§ **WHAT TO DO**
Skip the pictures. Transcribe the rest of the data below without changing a word.

§ **THE DATA**
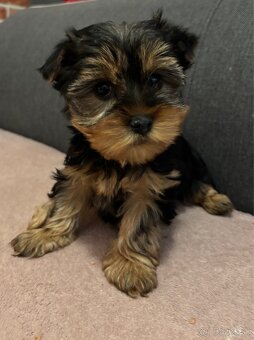 Yorkshire terrier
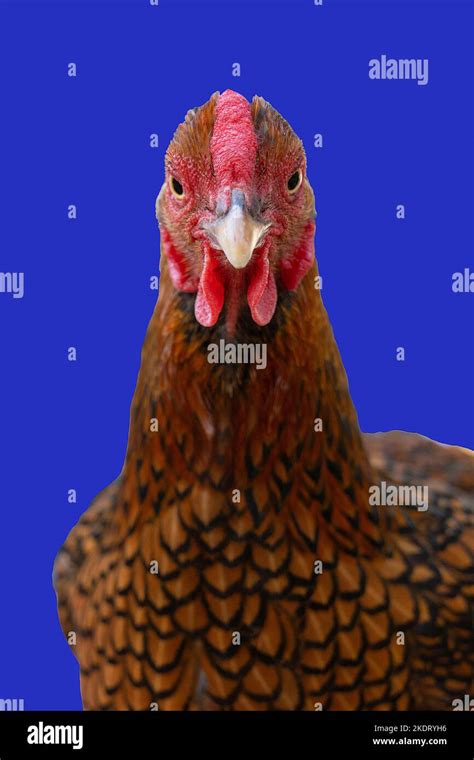 Wyandotte Bantam Chicken Golden Laced Isolated In Blue Background Front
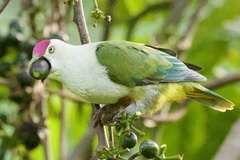 Crimson-Crowned Fruit-Dove photo 5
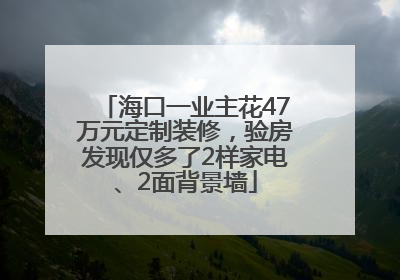 海口一业主花47万元定制装修，验房发现仅多了2样家电、2面背景墙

§ **YOUR RESPONSE**
 Yorkshire terrier
 Wyandotte Bantam Chicken Golden Laced Isolated In Blue Background Front
 Crimson-Crowned Fruit-Dove photo 5
 海口一业主花47万元定制装修，验房发现仅多了2样家电、2面背景墙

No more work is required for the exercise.